5. See the Sea Turtles at La Flor Wildlife Refuge
From July until December, four of the seven species of sea turtles come to the beaches of Nicaragua to lay their eggs. The turtles heave themselves onto the beach before using their back flippers to dig a hole. They lay their eggs and depart, leaving their eggs to the mercy of nature. Conservationists collect the eggs and protect them until they hatch. Once hatched, the baby turtles are released in the ocean, something I got to help with when I visited. La Flor Wildlife Refuge, located approximately 45 minutes south of San Juan del Sur, is the best place to see the circle of life up close and personal.
The pace of life in Nicaragua is a lot slower than what a lot of foreigners are used to and it doesn’t take long to start slowing down. Swim in the ocean, spend the day by the pool, read in a hammock, enjoy happy hour, or just sit and take everything in.
3. Visit Isla de Ometepe
Located in Lago de Nicaragua, Ometepe is an island made up of two volcanoes, Concepcion and Maderas. Hiking the two volcanoes is one of the main draws of the island, but people also go for the general sleepy vibe and natural beauty. In addition to the volcanoes, other draws include the nature reserve Charco Verde, with its unusual green lake, and Ojo de Agua, a natural mineral spring. But my favorite thing to do there is to rent a scooter ($25/day) and motor around the island, which can easily be seen in a day.
The biggest tourist draw in the country, Granada has been enchanting visitors with its Spanish colonial architecture for years.

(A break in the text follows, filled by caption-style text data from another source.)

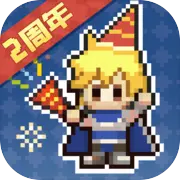 浮空秘境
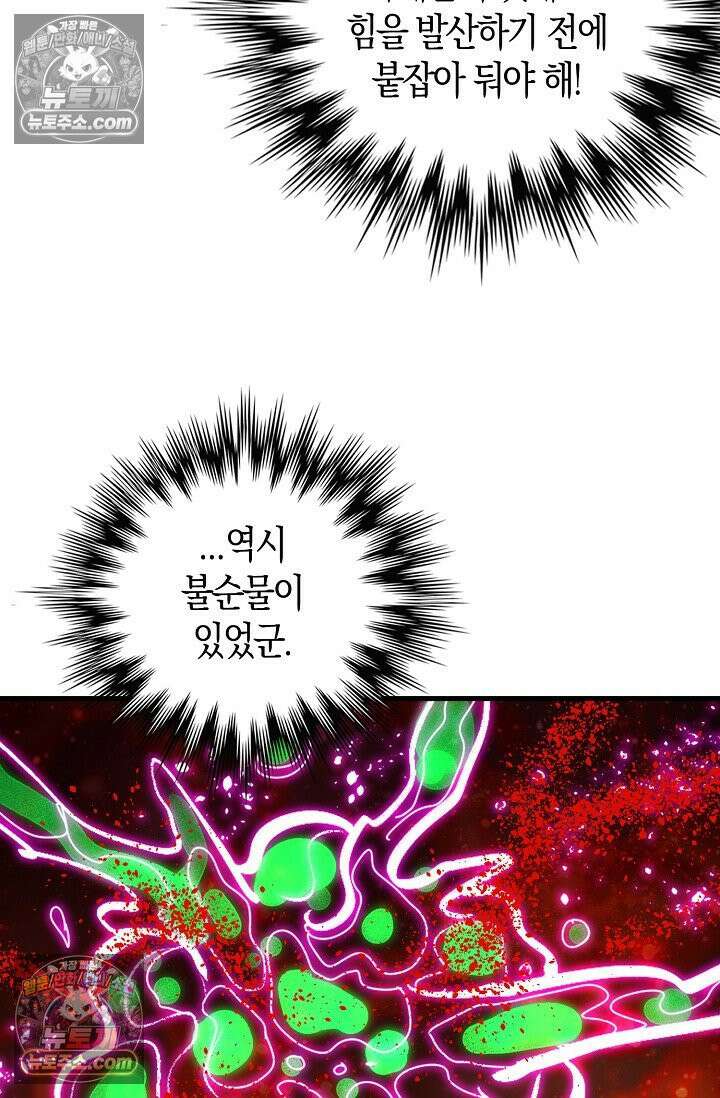 천재 장로 제자수련기 79화 61
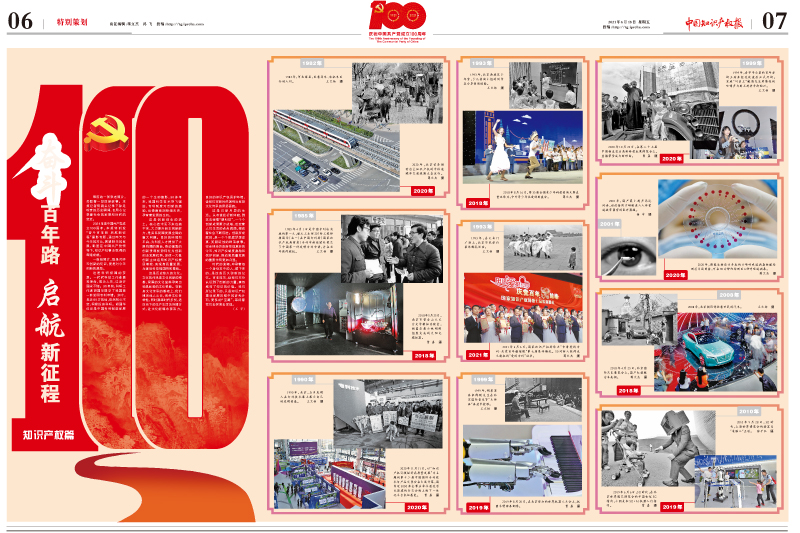 中國知識產(chǎn)權(quán)報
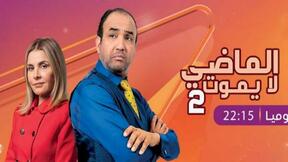 حلقات مسلسل الماضي لا يموت 2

Painted in bright, vibrant colors, picture opportunities are around every corner. Founded in 1524, Granada is one of the oldest cities in the Americas. A great place just to wander around and experience history firsthand. You can find the expected churches and museums, the Chocolate Museum being a favorite of mine.
1. Corn Islands
Quite simply paradise on earth. Often overlooked by visitors because its remote location on the Atlantic coast, the Corn Islands make the ideal place to relax. Crystal clear water and private beaches, visitors spend their days relaxing or enjoying the ocean. Snorkeling, swimming, scuba diving and fishing are all popular activities. You can fly into Big Corn from Managua ($150/return) before taking a small boat to Little Corn (30 minutes). Big Corn is better equipped with more accommodations and eating options. Little Corn is very small and is a car free island. Wander through the paths to find hidden beaches or listen to the surf from a hammock.
Quite the list, right? Here’s the thing: a secret this good doesn’t stay secret for long. Word is starting to get out and it won’t be long until it’s filled with tourists. Authentic experiences can still be found, so make sure you visit Nicaragua as soon as you can!